The widespread coverage of cellular networks makes them an attractive option for handling the growing number of sensing and monitoring devices. Therefore, M2M communications, involving wide area communication of sensor data to an Internet based application, is emerging as an important service over mobile cellular networks [2, 3, 4, 5]. It spans multiple vertical industries such as transportation, healthcare, utilities, retail, industrial monitoring, banking, and home automation and includes a variety of applications within each vertical. Projections for growth of M2M communication devices range from 24 billion  to 50 billion  in the next decade with over 2 billion M2M devices expected to directly attach to the cellular network by this time. Given the potential for a significant new revenue stream from M2M data services, the industry is focusing on ensuring that cellular networks can efficiently serve the needs of M2M communications.
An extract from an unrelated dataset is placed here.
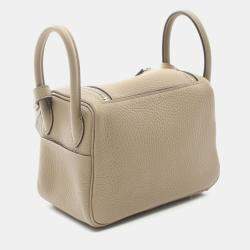 Hermes Beige Marfa Taurillon Clemence Leather Lindy Mini Crossbody Bag
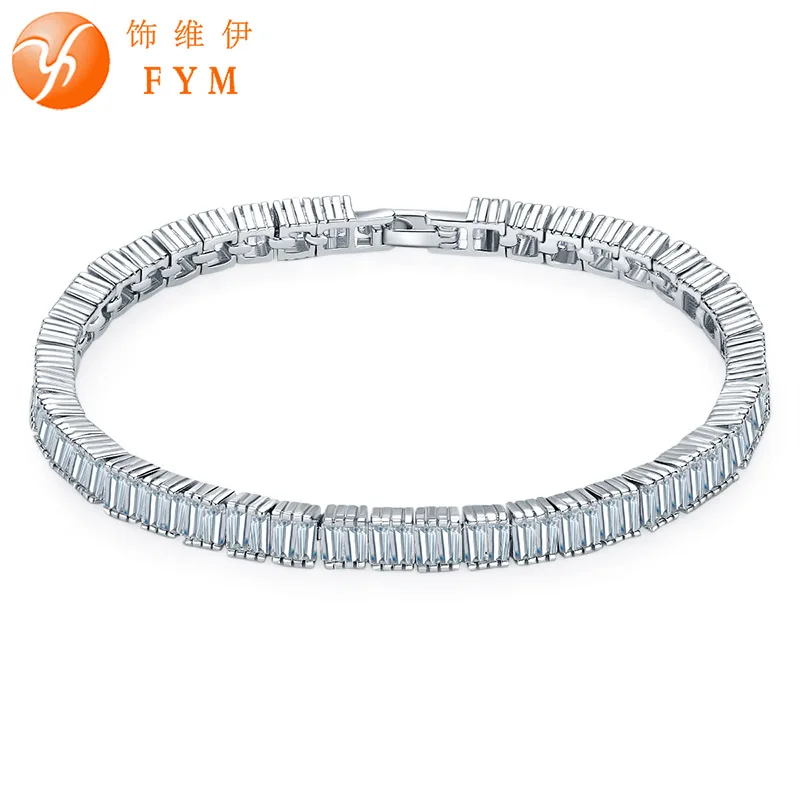 

FYM Brand Women Bracelet Silver Color 1 Row Clear 5 mm AAA Cubic Zircon Bracelet High quality Jewelry Christmas Gift FYMBR0177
I-a Motivation and Related Work
M2M devices in some verticals are deployed in locations that are not frequented by people. For example, vending machines and water, gas or other meters, are typically deployed in basements of buildings, water monitoring systems are deployed underground, and some traffic monitoring systems may be deployed in the tunnels. Such machines will typically have devices that communicate with their controlling applications or servers over wireless networks. For such locations, radio signals have to be substantially stronger compared to what is required for traditional service. Hence, device transmit power required for communication becomes a critical issue. In addition, if the devices are battery operated total transmission energy from the device is also an important consideration.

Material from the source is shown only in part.